The other option is to just move away.
Well, my friends and I are very close, like sisters, so we expect to be able to talk to each other's kids like an "Aunt". We do not spank and neither do we tattle to each other about each other kids...frankly we just talk to the child as if it were our own! and it works, all of our kids are between 1-13yrs and we never have ran into any problem. Wev'e been friends for about 20 yearsw now, so that might make a difference. Now for our new friends, if they are at our house, my husband and I just tell them to use inside voices or to settle down but we do not quickly rush to tell the other parent either. I guess being a teacher for 10 years now I can handle behaviors and in doing so, i nip it before it gets out of hand. I also have taught in inner city schools so it is kinda of a norm not to tell the parents either so that they don't get punished twice for the same action.
In our "logical" family -- that's what we call my family and my best friend's family together -- the kids all know that all moms and dads, whether they live in your house or not, are allowed to remind you to make good choices. I think this works exceptionlly well with us because we have similar parenting styles ... I can imagine it's significantly more complicated if you and a friend differ when it comes to child-rearing philosophies. For us, though, a loud cry of "Listen to a mom!" generally works, no matter who it comes from!
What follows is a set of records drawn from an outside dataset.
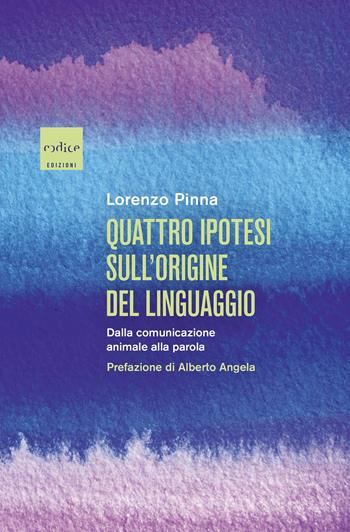Quattro ipotesi sull'origine del linguaggio. Dalla comunicazione animale alla parola - Lorenzo Pinna - Libro Codice 2024 | Libraccio.it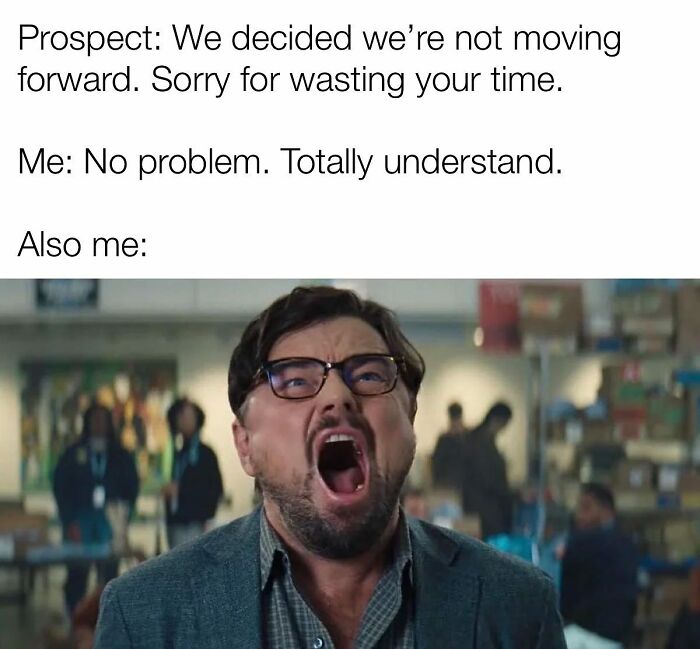 Frustrated reaction meme to a prospect not moving forward with a sale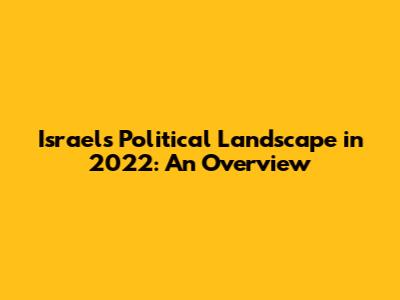 Israel's Political Landscape in 2022: An Overview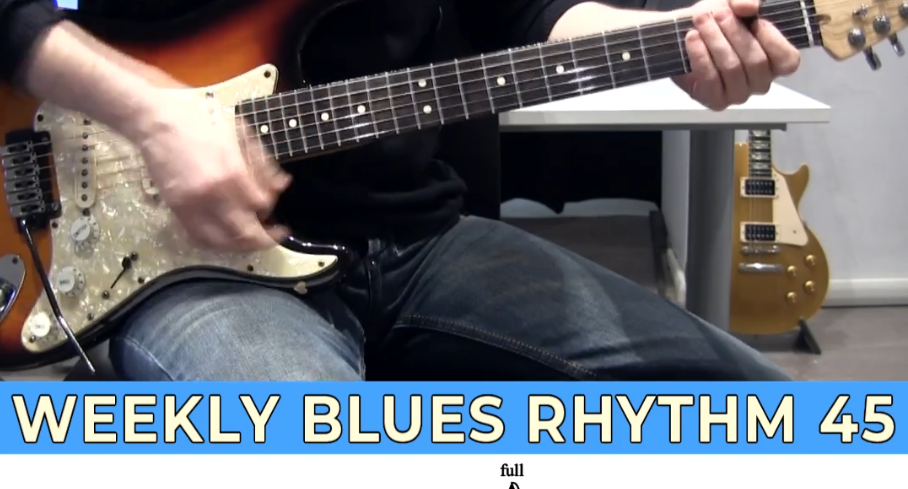 【Andy Paoli】Weekly Blues Rhythm 45（课件可下载）-古桐博客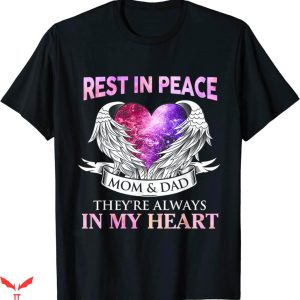Rest In Peace T-Shirt They Are Always In My Heart Tee Shirt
-Meryl, from the Mama Goose Blog
Presumably if they're the kids of my bestie, I'm involved in their lives quite a bit. Either through mom and dad recounting tales, or playing at our house and vice versa. So I'm close to the kids too. Close enough that if they misbehave, I'm quite comfortable disciplining them, esp if it's my rules they broke in my house. Heck, even if we're not best friends, if a mommy friend's child acts up, I will tell them "no, don't do/say that." After all, we're all the adults and we set the rules.
I was lucky. My friends and I have a pack , you're the mom in charge if you see bad behavior. The agreed method is to talk to the child and have a little time out. It's worked. Ashley has had a few time-outs and I have given them. No biggie. Also the rules of each house are explained before playtime begins. This helps the kids know what is acceptable behavior and what is not.

If you can be upfront with it would be easier maybe mostly when it is a friend. But also i would hope the parent would notice that there child is misbehaving and taking care of the problem also.
If my child is misbehaving and i was having a problem i do not think i would have a problem with my friend telling me and maybe helping with the disipline as sometimes kids might listen to someone else better than Mom somedays.
But to each is own i guess.

My kids can play with your kids anytime:) Lynne

Donna DiCorcia-Davis said:
I was lucky. My friends and I have a pack , you're the mom in charge if you see bad behavior. The agreed method is to talk to the child and have a little time out. It's worked. Ashley has had a few time-outs and I have given them. No biggie. Also the rules of each house are explained before playtime begins. This helps the kids know what is acceptable behavior and what is not.

Great ideas and honest responses, thank you so much. My best friend's kids are older than mine but we have had play dates with others that were on the edge. I like the pack idea, we do indeed parent as a tribe.
It depends how BEST your friend is I suppose. I had a friend about a year ago who's son was honestly not good for my eldest Harry. Now, I am not being an obesessive Mom here but he was always winding Harry up. If Harry was on a bike he would block his path and not move, if Harry was doing a jigsaw he would go and break it up etc, etc. The problem was that my friend used to look away. Also, her son would want to play ninja turtles karate and Harry didn't like it.

The day I decided that was it and was going to steer clear was when she told Harry 'to toughen up!'
I think it is so dependent on the situation and the problematic behavior.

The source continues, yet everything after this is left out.